竜人族にたった一人しかいない古竜ともなれば、吸血鬼にとっての『真祖』、つまり魔王様みたいに、現人神のような存在として崇め奉られてもよさそうなのに。
「.......まあ、取り敢えず街の中に入ろうか。ここにいてもあれだし」
「そうだね。私達が四魔神将だってのはすぐに分かるはずだから、早々に偉い人に会わせてもらえるだろうし」
※※※
予想通り、街の検問で私達の顔を知っていた人が、上に通達してくれて、すんなりと街の中心、竜皇が住まう屋敷に通してもらえた。

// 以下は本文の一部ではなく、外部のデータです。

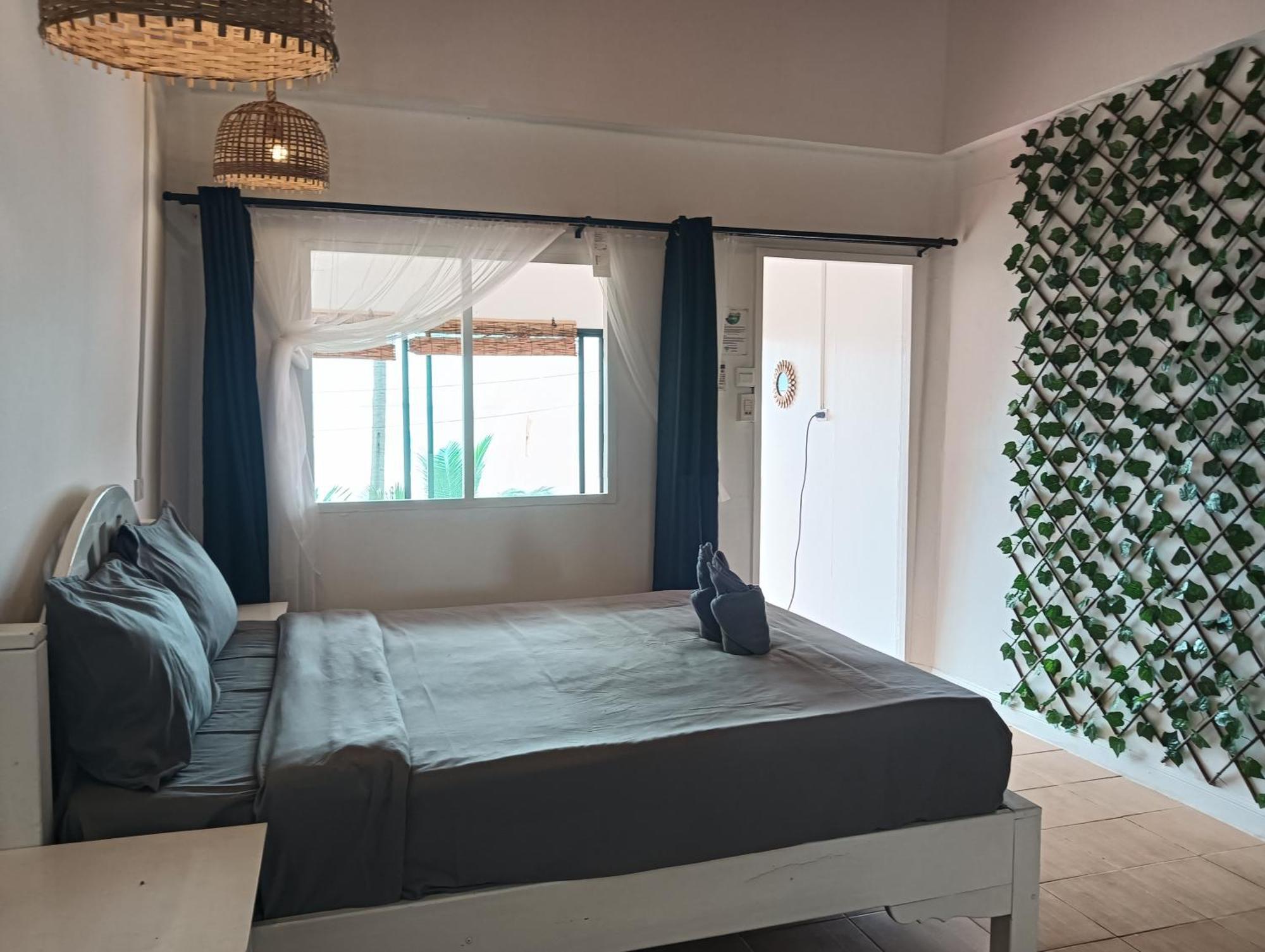 Cliff Cottage Ко Чанг Екстериор снимка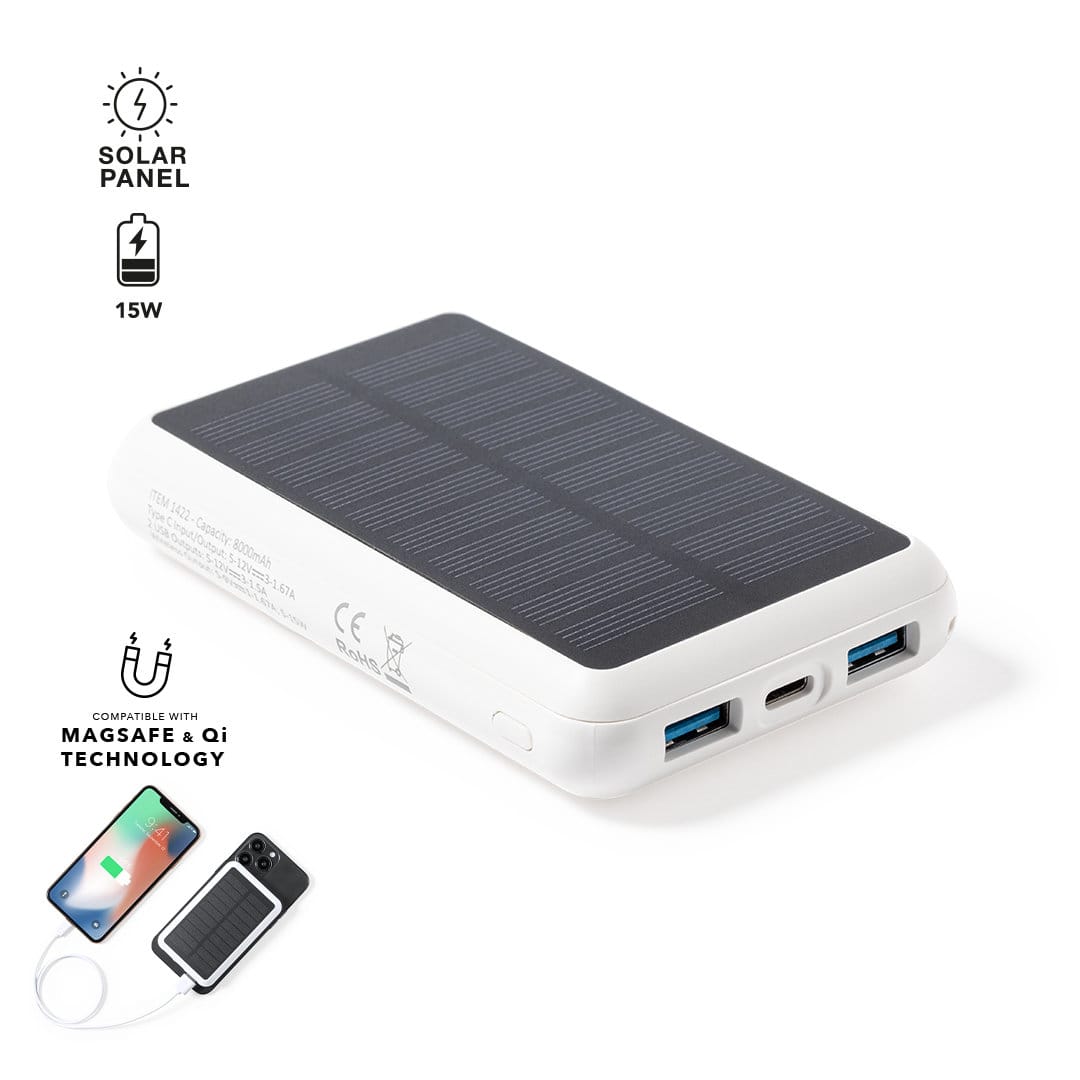 Maddy Power Bank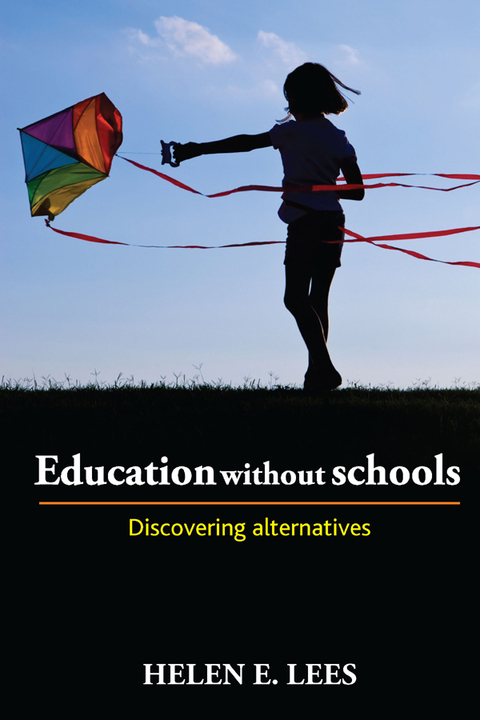 Cover image for book Education without schools
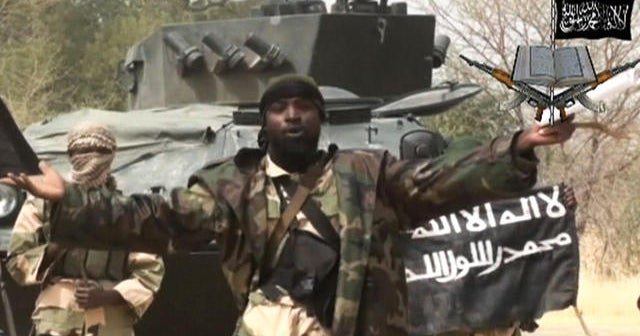 U.S. team to face challenges in Nigeria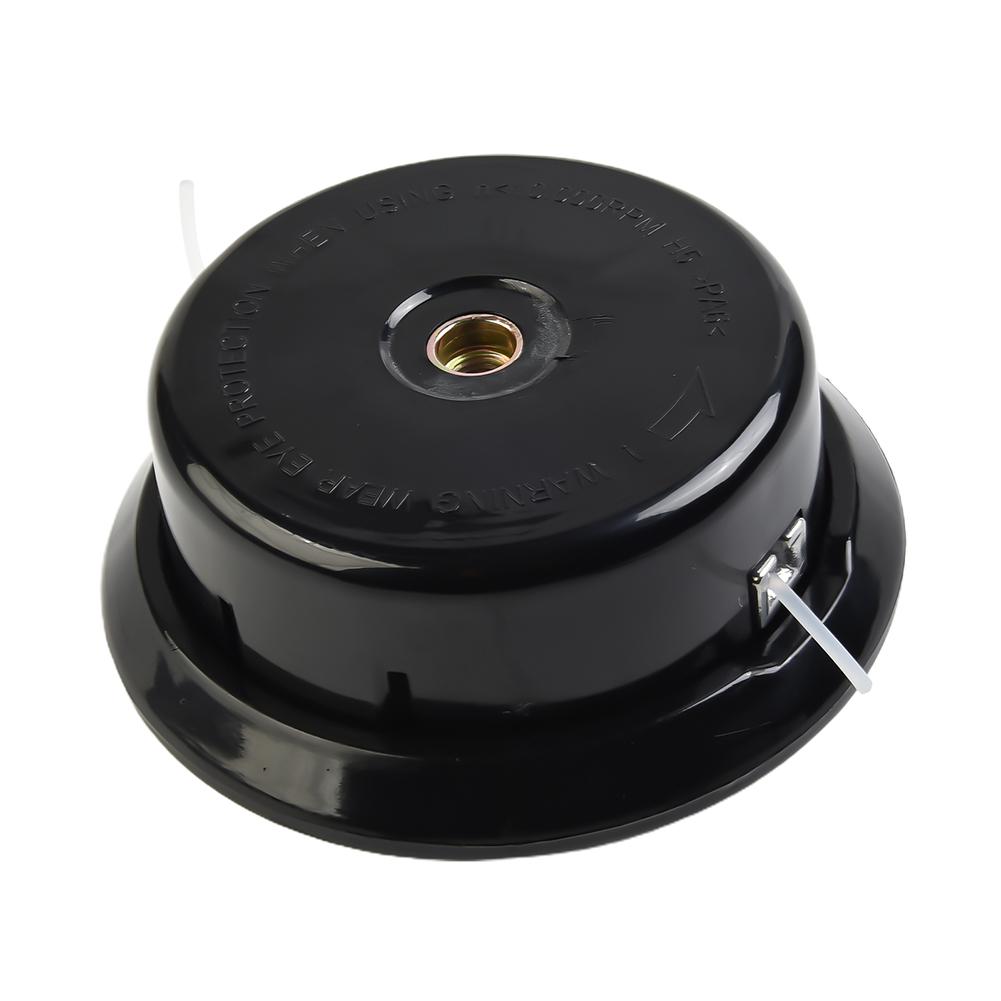 High Performance Brushcutter Spool Head for UMK425E UMK431E UMK435E UMR425E Models Thread fitting size M10x1 25 FLH China Mainland
High Performance Brushcutter Spool Head for UMK425E UMK431E UMK435E UMR425E Models Thread fitting size M10x1 25 FLH China Mainland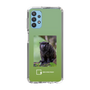 Slim Protection Case［ Green Future Project - Black-mantled Tamarin ］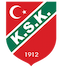 Escudo de Karsiyaka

「ようこそいらっしゃった、リーン殿、ヨミ殿。私が竜皇、ヴァベル・ドラグレイだ。息子が世話になっている」
「いえ、こちらこそ。.......それで、お伺いしたのは、その息子さんの件なのですが」
「ああ.......分かっている。噂に名高い四魔神将のお二人が来たということは、そういうことなのだろう?」
「はい。申し訳ありませんが、力づくで息子さんを引っ張りださせていただきます。これ以上ルーズさんが抜けるようであれば、魔王軍全体の損失となりますので」
「.......やむを得ない、か。出来れば、あいつが自力で出てきてくれるまで待ちたかったのだが.......」
「んなもん待ってられるか」
「リーン、抑えて抑えて」
「.......仕方がない、案内しよう。こちらへ」
竜皇ヴァベルさんの案内で、ルーズさんが引きこもっているという扉の前までは来た。
うん、扉の前。
.......扉.......
「.......扉っていうかこれ、門じゃない?」
「私もそう思った。.......ルーズさんは本当にこの中に?」
「ああ、間違いない」
扉って、普通にガチャって開けられるあれかと思ったら.......十メートル近くある、どデカい代物だった。
「さて、じゃあぶち抜きますか。ヨミ、手伝って」
「分かった」
「あ、ちょっ.......やめた方が.......」
この期に及んで、まだごねるのか、この親バカは?
私が少し睨むと、言いたいことを察してくれたようで、
「ああいや、そうではなくてね。.......その扉を破壊するのは、不可能だという話だ」
と言った。.......扉の破壊が不可能?
「どういうことですか?」
「その扉には、フルーレティア様の結界が張ってあるのだ。下手に攻撃を加えると、それが全て自分に跳ね返る」
なんだって。
フルーレティア様は、武にも優れていると同時に、世界最強の結界術師だって話は魔王様から聞いてたけど。
「じゃあ、どうすればいいんだろう?」
「方法は三つ。一つ、なんとかしてこの扉を破壊する。二つ、フルーレティア様を説得して解除してもらう。三つ、二人がかりでフルーレティア様を倒して、結界を無理やり解く」
「一つ目は無理だな、この結界はフルーレティア様の持つ力でもトップクラス。サクラ殿でも破壊出来ないはずだ」
「何その防御チート。.......じゃあ二つ目は?」
「ルーズを何故か溺愛していて、あいつの願いは可能な限り叶えようと考えるフルーレティア様が、説得に応じるとは思えん」
「じゃあ三つ目.......なんとかフルーレティア様を倒すしかないか.......」
「そうなるが、いくら四魔神将とはいえ、大丈夫かね?あの御方は.......」
「あらあら、ワタクシがどうかしたの?」
「んなっ.......!?」
「なん.......!?」
「フ、フルーレティア様っ!?」
全然気配を感じなかった.......!?
この人が.......最古の魔王軍幹部『界断将』フルーレティア。
魔王軍の英雄の一人、魔王様の始まりの仲間。
見た目は.............十八歳くらい、だろうか。私達よりは歳上に見える。
白髪の髪を足首まで伸ばした、超ロングヘアー。
そして、お尻の辺りから生えるトカゲのような白い尻尾に、小さな二本のツノ。竜人族の特徴だ。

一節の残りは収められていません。